Imagine stepping into Alice's Wonderland, among the mad people. Condense down the stress of trying to keep fifty kittens neatly corralled in a circle of chalk. Boil frustration until it gets real sludgy, then use it to fill a quagmire the size of Rhode Island. Walk down into that mess with nothing but an English degree and some poignant high school memories to protect you. Your words transubstantiate into little lead pellets, and in exasperation you chuck them wildly into the tar. Following the teachings of Homer, you try to extract your words with your hands, and then extract your hands with your teeth. Gets hard to breathe, doesn't it? And the whole time—every minute—you hope to Joe Pesci that nobody notices you are completely naked.
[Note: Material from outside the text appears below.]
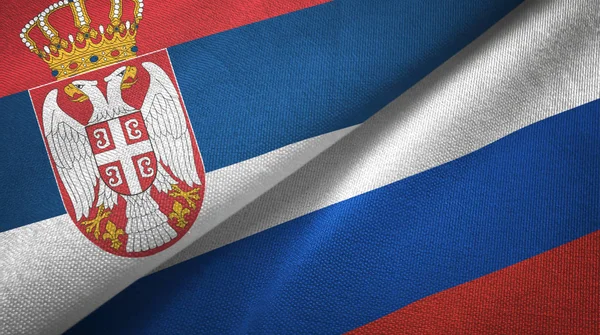 Serbia i Rosja dwie flagi tkanina tekstylna, tekstura tkaniny — Zdjęcie stockowe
This would make a fantastic nightmare, if only it weren't a metaphor. The best thing I saw all day was a river in flood, ignoring every human boundary with gleeful abandon. Cold January air tastes so good...

Put that on your Excel spreadsheet and smoke it, world.

5 comments:

R. Sanford said...

Wow. Very, very nice...

Best. Metaphor. Ever.

So hard to breathe, indeed...

Mark said...

What can I say, I'm a slave to hyperbole. Then again, this post isn't as large of an exaggeration as I wish it were.

Rachel said...

That river is in my mind, as well. Look at it this way...if the spreadsheets and rules prompt writing like this, perhaps for awhile they are worth it.

Mark said...

To paraphrase Mr. Buzz Lightyear:

"This isn't writing--it's bitching with style."

:)

Rachel said...

HA. I feel that. I've been in a bitching mood all day today, but I'm not sure I've done it with any style.